Orthodontists: Job Information and Requirements for Becoming an Orthodontist
Orthodontists are dentists who specialize in the treatment and prevention of dental irregularities through methods including the application of dental braces. Like other dental specialists such as dental surgeons and prosthodontists, prospective Orthodontists must complete several years of specialized postgraduate education in addition to earning a bachelor's degree.
Orthodontist Career Definition
Orthodontists generally work with the help of an orthodontic assistant to analyze and solve the dental problems of their patients. They see patients regularly as treatment such as braces is applied. Daily work may include tasks such as evaluating the needs of new patients, creating a mold of teeth in order to design and fit orthodontic appliances, checking on the progress of individual patients and providing instructions to orthodontic assistants. After receiving the proper education and certification, an Orthodontist may choose to open his or her own practice or join an established practice.

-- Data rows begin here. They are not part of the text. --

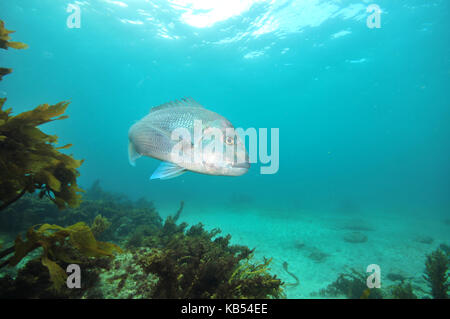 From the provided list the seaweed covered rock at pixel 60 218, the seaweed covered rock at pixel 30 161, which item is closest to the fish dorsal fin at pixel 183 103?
the seaweed covered rock at pixel 30 161

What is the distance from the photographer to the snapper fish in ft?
6.16

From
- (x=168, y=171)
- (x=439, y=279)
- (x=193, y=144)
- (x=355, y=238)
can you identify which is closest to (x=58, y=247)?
(x=168, y=171)

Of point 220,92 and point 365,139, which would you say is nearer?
point 220,92

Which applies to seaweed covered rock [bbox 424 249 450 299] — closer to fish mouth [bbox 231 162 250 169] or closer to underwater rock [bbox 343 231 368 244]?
fish mouth [bbox 231 162 250 169]

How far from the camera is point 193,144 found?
1.92 m

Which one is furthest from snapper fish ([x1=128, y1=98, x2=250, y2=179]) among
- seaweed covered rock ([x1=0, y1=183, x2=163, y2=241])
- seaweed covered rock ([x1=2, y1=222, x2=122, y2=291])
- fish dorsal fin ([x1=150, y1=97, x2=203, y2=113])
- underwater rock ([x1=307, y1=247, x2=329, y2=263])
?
underwater rock ([x1=307, y1=247, x2=329, y2=263])

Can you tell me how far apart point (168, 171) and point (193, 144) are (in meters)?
0.42

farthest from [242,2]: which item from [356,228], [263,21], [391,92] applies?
[391,92]

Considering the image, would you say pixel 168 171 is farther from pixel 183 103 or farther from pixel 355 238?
pixel 355 238

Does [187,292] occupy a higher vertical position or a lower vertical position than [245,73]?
lower

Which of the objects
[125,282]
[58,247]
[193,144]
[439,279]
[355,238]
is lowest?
[355,238]
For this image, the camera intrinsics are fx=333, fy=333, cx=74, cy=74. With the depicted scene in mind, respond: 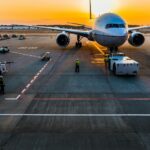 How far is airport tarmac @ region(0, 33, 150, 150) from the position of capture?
51.5 ft

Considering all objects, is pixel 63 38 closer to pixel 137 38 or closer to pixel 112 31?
pixel 137 38

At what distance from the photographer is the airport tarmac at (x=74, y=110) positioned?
15695 mm

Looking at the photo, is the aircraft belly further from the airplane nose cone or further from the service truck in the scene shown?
the service truck

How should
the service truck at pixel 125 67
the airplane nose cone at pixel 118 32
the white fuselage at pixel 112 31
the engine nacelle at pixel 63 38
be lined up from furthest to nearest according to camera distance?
1. the engine nacelle at pixel 63 38
2. the white fuselage at pixel 112 31
3. the airplane nose cone at pixel 118 32
4. the service truck at pixel 125 67

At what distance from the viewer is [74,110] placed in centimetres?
2103

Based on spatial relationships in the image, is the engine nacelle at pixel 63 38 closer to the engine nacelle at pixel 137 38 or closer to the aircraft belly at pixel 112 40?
the aircraft belly at pixel 112 40

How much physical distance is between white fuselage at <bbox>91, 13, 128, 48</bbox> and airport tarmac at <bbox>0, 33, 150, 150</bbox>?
7363mm

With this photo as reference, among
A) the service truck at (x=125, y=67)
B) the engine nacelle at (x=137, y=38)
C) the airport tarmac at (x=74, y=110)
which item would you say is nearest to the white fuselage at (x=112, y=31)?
the engine nacelle at (x=137, y=38)

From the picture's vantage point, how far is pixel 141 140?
51.6ft

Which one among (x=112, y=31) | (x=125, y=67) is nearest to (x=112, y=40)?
(x=112, y=31)

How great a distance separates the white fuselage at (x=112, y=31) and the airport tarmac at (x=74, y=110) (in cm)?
736

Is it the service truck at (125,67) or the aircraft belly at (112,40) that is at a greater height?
the aircraft belly at (112,40)

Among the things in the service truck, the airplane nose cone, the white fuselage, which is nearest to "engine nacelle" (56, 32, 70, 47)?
the white fuselage

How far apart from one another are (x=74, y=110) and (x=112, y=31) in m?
23.4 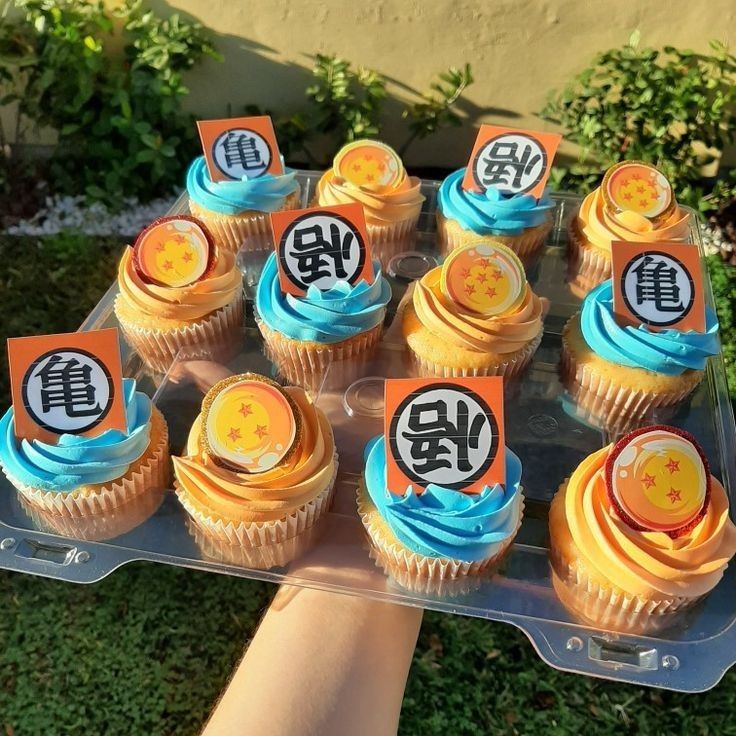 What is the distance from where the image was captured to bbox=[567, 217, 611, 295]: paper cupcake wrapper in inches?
128

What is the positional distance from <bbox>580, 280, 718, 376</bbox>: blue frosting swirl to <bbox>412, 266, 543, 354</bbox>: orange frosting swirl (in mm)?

How to Become an Orthodontist
Required Education for a Career as an Orthodontist
Orthodontists are required to hold a bachelor's degree, graduate from an accredited 4-year dental school and receive an additional three years of specialized Orthodontic training upon completion of dental school. Orthodontists will generally need to be licensed by a state licensing board in order to practice legally and may receive additional certification from the American Dental Association and the American Board of Orthodontists.
Skills Required for a Career in Orthodontics
According to O*Net, the most important aspect of practicing Orthodontics is in-depth dental and medical knowledge, which is acquired primarily through academic study and hands-on practice while in dental and orthodontic school (www.onetcenter.org). Orthodontists also need to be able to pay close attention to detail, operate advanced technological tools, work well with their hands and communicate clearly with assistants and patients, including children and adolescents.
Career and Economic Outlook for Orthodontics
The Bureau of Labor Statistics states that while income depends on experience and location, Orthodontists earned an average annual salary of $194,930 as of May 2008 (www.bls.gov). Employment prospects for Orthodontists should remain favorable in the near future, with O*Net forecasting future growth of about 7% - 13% through 2016 (www.onetcenter.org).